┌─ Material supplied
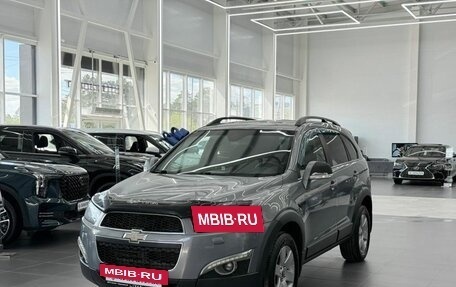 Chevrolet Captiva I, 2012 год, 1 350 000 рублей, 6 фотография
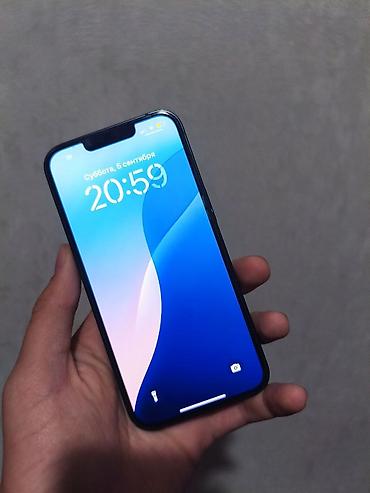 аифон 13 мини: IPhone 13, Б/у, 128 ГБ, Midnight, Чехол, 64 % — 2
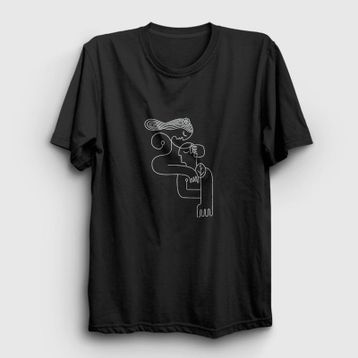 Presmono Lovers V2 Valentine'S Day Sevgililer Günü Beyaz Unisex T-shirt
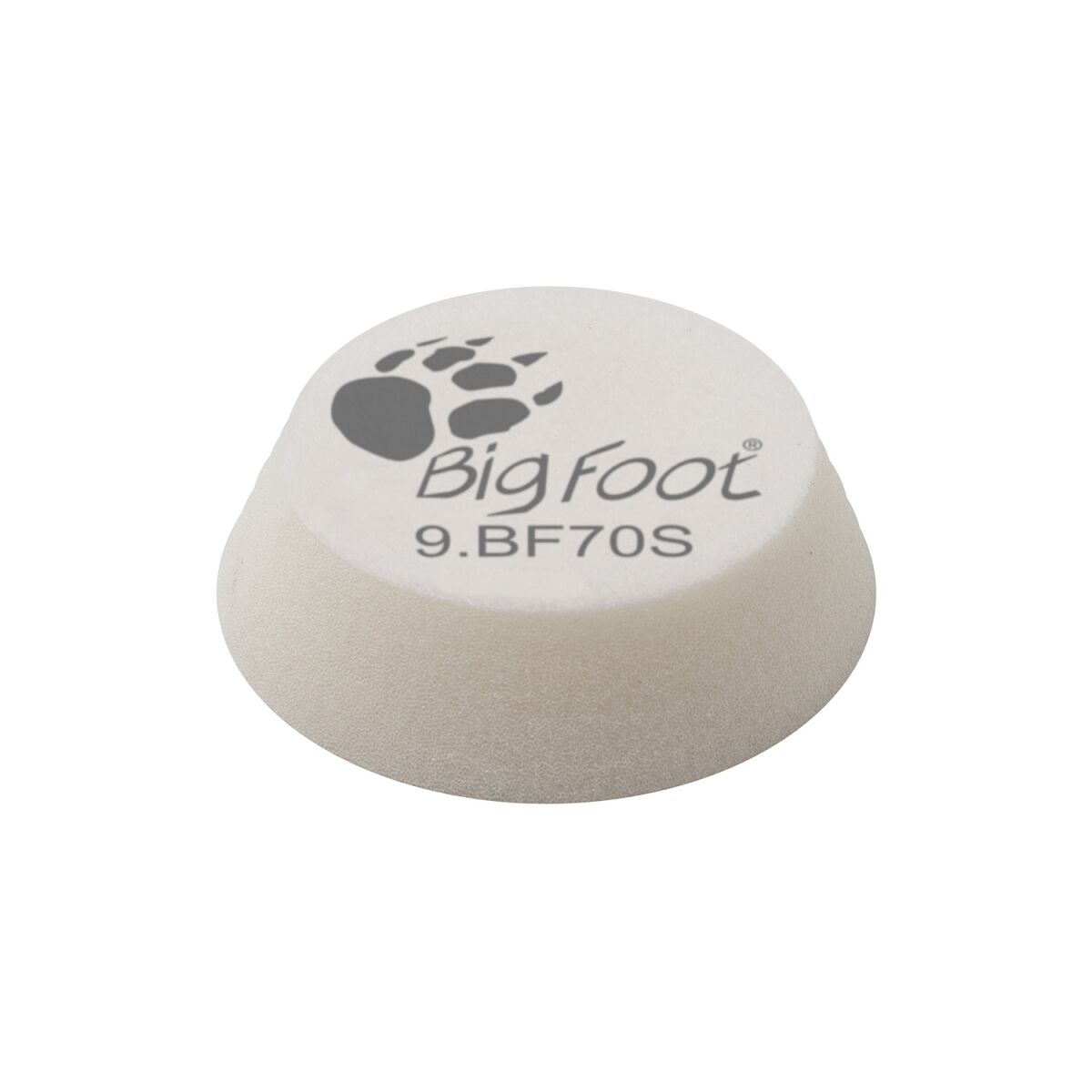 Rupes BigFoot Polierschwamm Ultrafine Ø50-70mm weiß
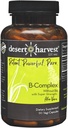 Desert Harvest B-Complex - Sin B6, 90 cápsulas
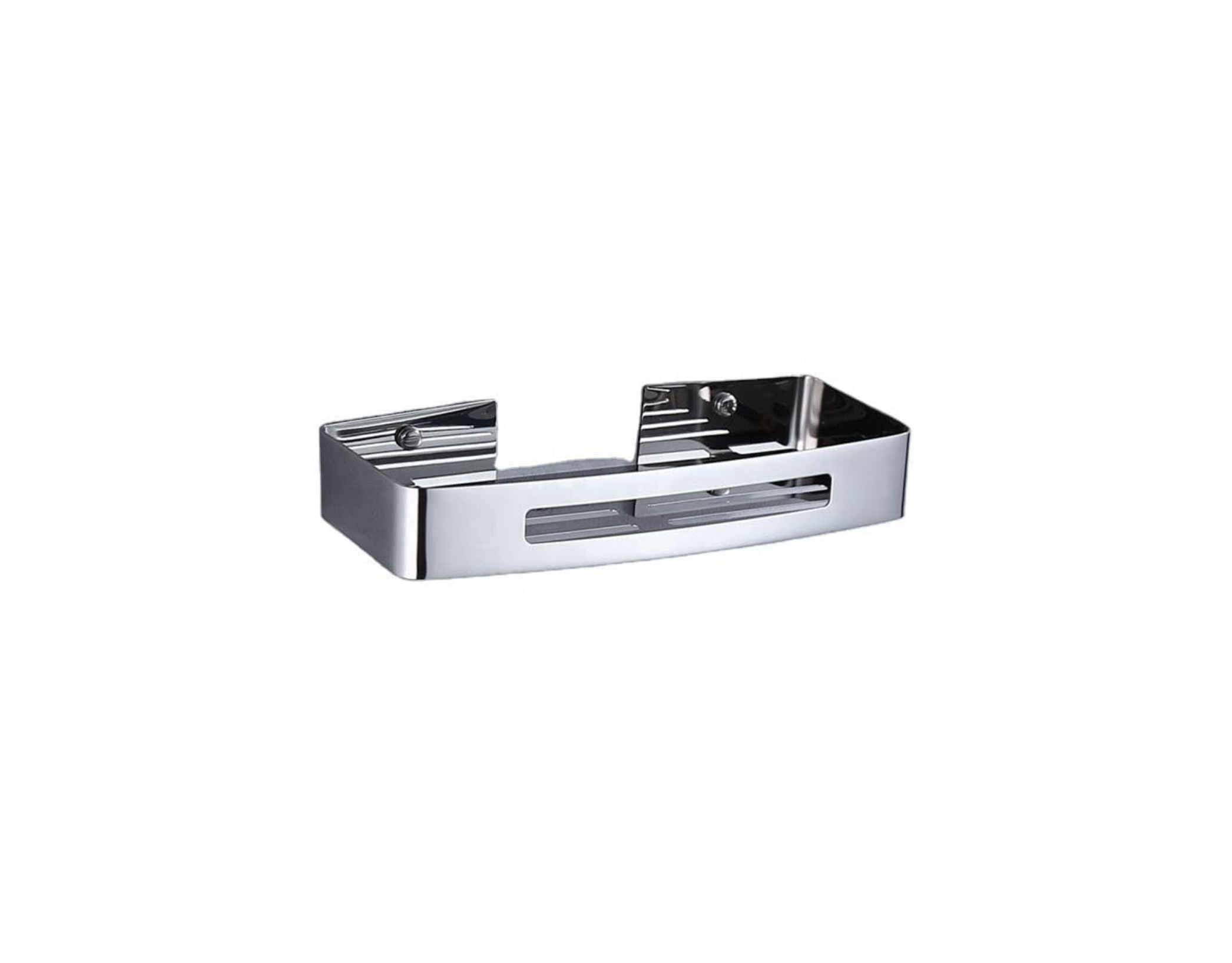 Straight Shelf - Metal with Border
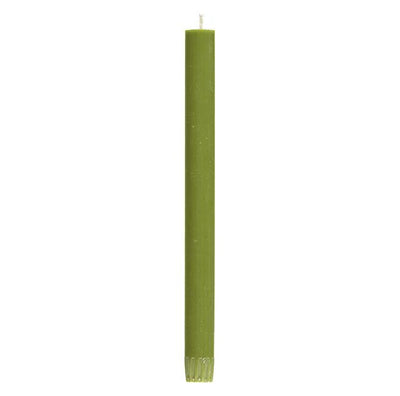 SOLID 10" Taper Dinner Candle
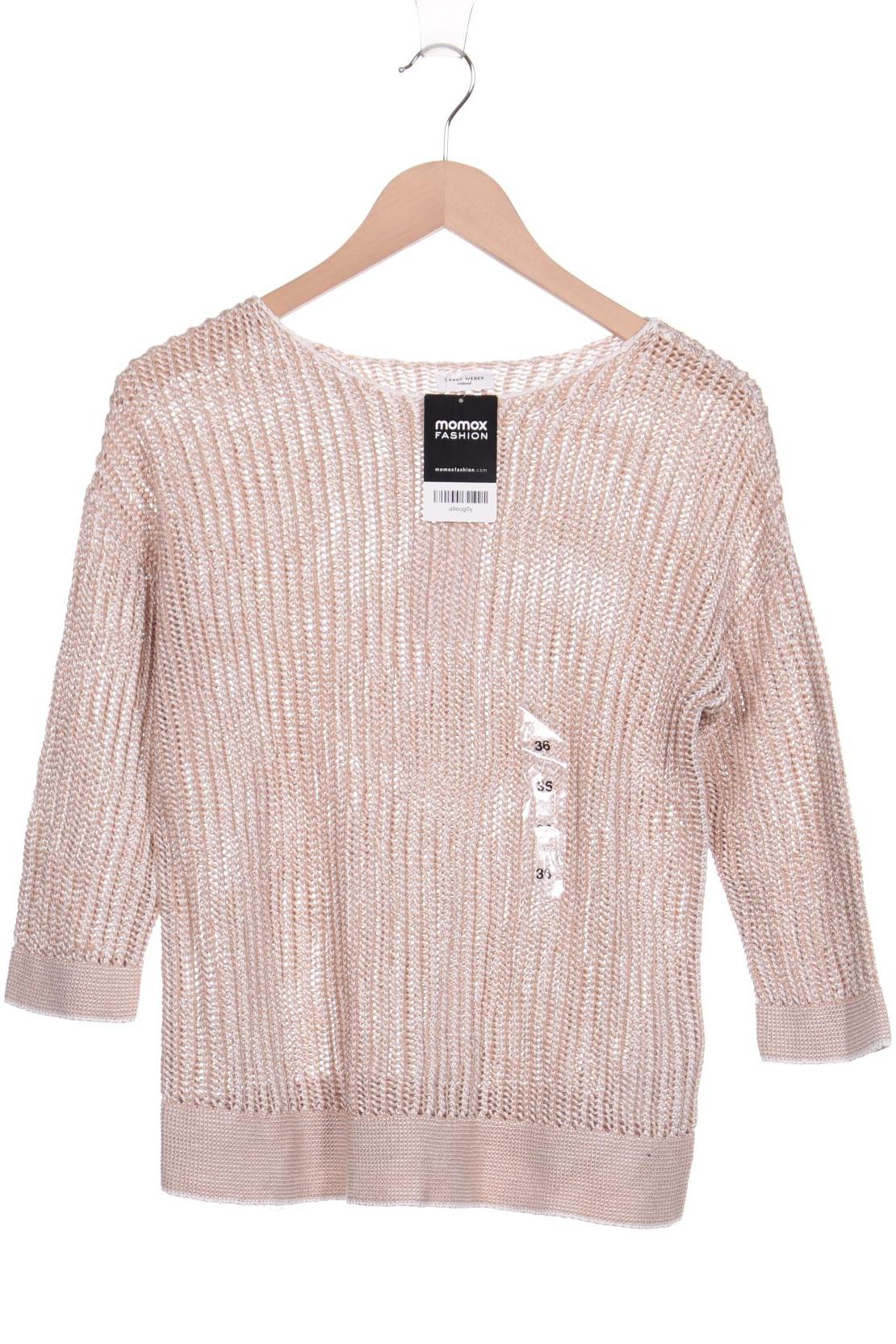 

Gerry Weber Damen Pullover, beige, Gr. 36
└─
_Try it_
Please write out only the material above, exactly, from its first line through the line that contains "Rupes BigFoot Polierschwamm", and include no pictures.

_Result of this exercise_
 Chevrolet Captiva I, 2012 год, 1 350 000 рублей, 6 фотография
 аифон 13 мини: IPhone 13, Б/у, 128 ГБ, Midnight, Чехол, 64 % — 2
 Presmono Lovers V2 Valentine'S Day Sevgililer Günü Beyaz Unisex T-shirt
 Rupes BigFoot Polierschwamm Ultrafine Ø50-70mm weiß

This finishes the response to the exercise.